Essentially, we’re talking about raising a moral child who wants to do the right thing.

There’s now a wealth of research (see the end of this article for link to citations) demonstrating that kids who are punished are LESS likely to make positive moral choices. That’s because:

  • Punishment focuses a child on the “consequences” he is suffering, rather than on the consequences of his behaviour to someone else, so it makes him more self-centred and less empathic.
  • Punishment makes a child feel like he’s a bad person, which is always a self-fulfilling prophecy, so he’s more likely to repeat the bad behaviour.
  • The most salient lesson of punishment is to avoid it in the future by sneaking and lying to escape detection, so punishment fosters dishonesty.

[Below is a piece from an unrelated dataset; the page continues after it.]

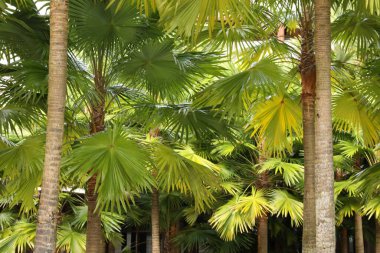 Dışarıda yetişen bir sürü farklı yeşil palmiye ağacı var.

  • Because kids invariably consider punishment unfair, it teaches kids that might makes right and abuse of power is okay — which makes kids less likely to make moral choices.
  • Punishment — yes, even timeouts — erode our relationship with our child, so that he isn’t as invested in pleasing us. And the more disconnected he feels from us, the worse his behaviour.
  • Because punishment doesn’t help a child with the emotions that drove her to act out to begin with, those emotions just get stuffed down, only to pop up again later and cause a repeat of the misbehaviour.